Avoidant Personality Disorder is a characterized by an ongoing pattern of inhibition in social settings, overwhelming feelings of inadequacy, extreme response to negative input or evaluation and efforts to avoid situations that would require social interaction.  Those who suffer from a high level of Avoidant Personality Disorder frequently look upon themselves as being socially inept, and do not expect others to find them interesting or appealing.  They tend to suffer from heightened fear of ridicule, humiliation, rejection and negative personal interaction.  Among the symptoms of APD are avoidance of physical contact, feelings of inadequacy, seriously low self-esteem and even self-loathing, difficulty with trusting others, emotional distancing and a heightened sense of self-consciousness.
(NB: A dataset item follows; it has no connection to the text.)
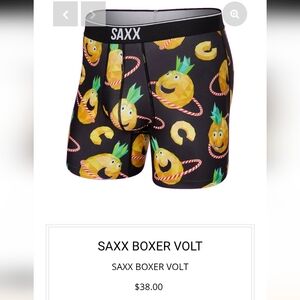 SAXX Men's Volt Boxer Brief Pineapple Graphic Design Size M NWOT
There are a number of methods used to treat Avoidant Personality Disorder.  Among them are  social skills training, cognitive behavioral therapy, exposure treatment which gradually increases the number and frequency of social contacts, group therapy to allow for the practicing of social skills, and some cases drug therapy is used as well.  Effective treatment requires the gaining and maintaining of the patient’s trust as aviodants frequently avoid treatment because of the nature of their disorder.  The basic success of treatment arises from the ability of the various types of therapy to effectively challenge the individual’s beliefs about themselves.

As the symptoms of Avoidant Personality Disorder most frequently arise in late adolescence or early adulthood, parents may not be likely see visible signs of the disorder early on.  However there are studies which indicate that early emotional neglect and peer rejection can be a factor in the development of APD.  There may also be genetic, psychological and other social causes, although these contributing and causative factors are not completely understood and there is little agreement as to their impact on avoidant patients.